Back at the convention center I hang out at the Knopf booth waiting to meet
young Arthur Bradford who I am to accompany to the Printer's Row book fair
elsewhere in town where another author, Dalton Conley, is reading at three.
Dalton's memoir, Honky, about growing up as a white kid in a mostly
African-American and Hispanic housing project on the lower east side, is
being released in paperback by Vintage later this summer. We met Dalton last
night at the authors dinner. We like him a lot. Hanging out at the
Random House booth where Rachel Seiffert is signing copies of The Dark Room,
to a never ending line of eager readers, I run into Jonathan Lethem who I met
last fall when we read together at Brookline Booksmith. Later on he sends
his Italian translators over to talk to me. Marco and Martina have brought a
copy of ...Girls' Room... with them for me to sign and I snag the last copy
of Good People at the booth and give it to them as well. They have come from
Rome for BEA and are the sweetest people. I adore them. They tell me nice
things and I want to weep and take them home with me. They give me a
catalogue of their translation work. I find myself desperately hoping they
will translate my books and I will get to go to Italy and hang out with them.

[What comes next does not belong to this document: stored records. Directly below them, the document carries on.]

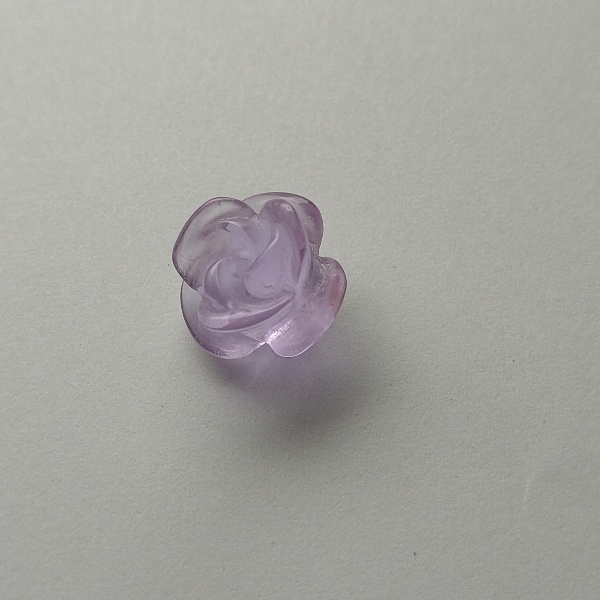 夜空に輝く 北斗七星とバラのラリエット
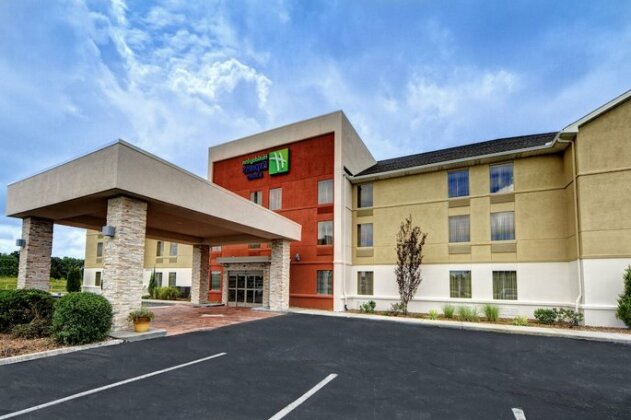 Holiday Inn Express & Suites Crossville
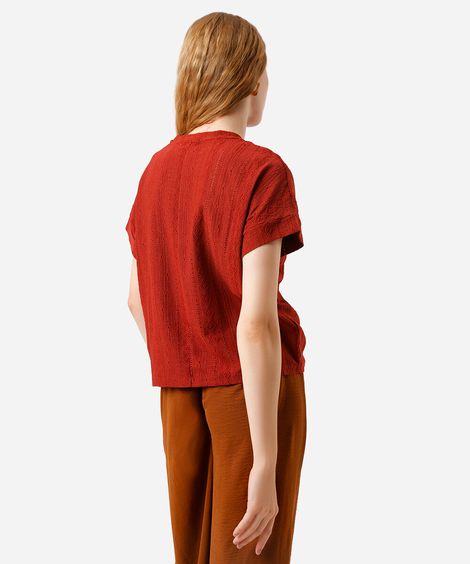 blusa feminina manga curta  texturizada marrom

I feel like they are long lost friends and I am sad when they have to say
good-bye.
But finally Arthur shows up and we go hear Dalton read and then head back to
the hotel to swim, sauna and whirlpool, all of which makes me so dehydrated
and ravenous I go back to my room and guiltily devour a bag of peanuts and
two bottles of juice from the minibar which must cost about fifteen dollars.
I realize I have forgotten to drink water -- any water at all -- today. I am
woozy. So what do I do? I go down to the Borders cocktail party and vulture
over the hors d'oeuvres table before I down two Bloody Marys and talk to a
lot of incredibly nice Borders reps who seem to be for the mostpart as
passionate about books as the independent booksellers I've met, all of which
is heartening. The sushi rolls are very good too.
I get whisked away for dinner at a very shi-shi Chicago restaurant called
Blackbird with some folks from Knopf publicity and also Arthur and Elinor and
Dennis Bock and Andrew Weil, the nutrition guru who cannot even get up to use
the restroom without being accosted by fans who want to know every secret to
long life and good health. I eat baby beet salad and think about my beets in
my garden back in Iowa and wonder how they're doing and if Chris and Josh
(boyfriend and housemate) are going to take care of them well while I'm gone.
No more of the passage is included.